As the program developed, the farmers reported an increased sense of ownership and motivation to boost their yields, Prak Ser­ey­vath said. The program also purchased 4,400 stoves, 1,300 water tanks and built roads, canals and fishing ponds in the participating communities, he added.

After five years, farmers’ rice yi­eld averaged at 3 tons per hectare, up from 2.4 tons per hectare, and annual agricultural income averaged at $650, up from $350 at the beginning of the initiative, Prak Sereyvath told participants at the workshop.

And the results will likely carry beyond the program itself, he added, as it required little manpower and left villagers with the knowledge and tools to continue on their own.

Villagers present at the workshop said the benefit from implementing the techniques learned in the program are too lucrative to give up.

“I make natural fertilizer taught by Cedac and I save money,” said Srun Sreang, 38, a rice farmer from Kompang Cham.
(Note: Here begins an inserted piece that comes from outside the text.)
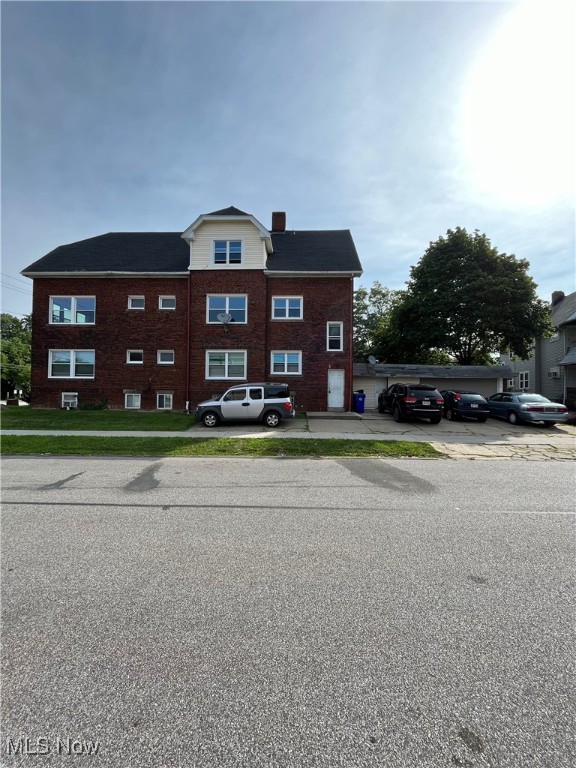 Cleveland, Ohio 44110, United States, 8 Bedrooms Bedrooms, ,5 BathroomsBathrooms,Residential,Active,112905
Srun Sreang said his rice yield is up, he spends less on chemical fertilizers and has now diversified into vegetables, chickens and pigs.

“We want the project to keep going. Other farmers will have a better standard of living if the project keeps going and reaches more provinces,” he said.

“This is one project that can in­crease economic growth,” Agri­culture Ministry Under­secretary of State Ith Nody said, while asking the Asian Develop­ment Bank to fund the program for five more years.

Increased agricultural productivity in the provinces will slow the annual migration of farmers into Phnom Penh, said Ith Nody, and also increase the national income and reduce poverty.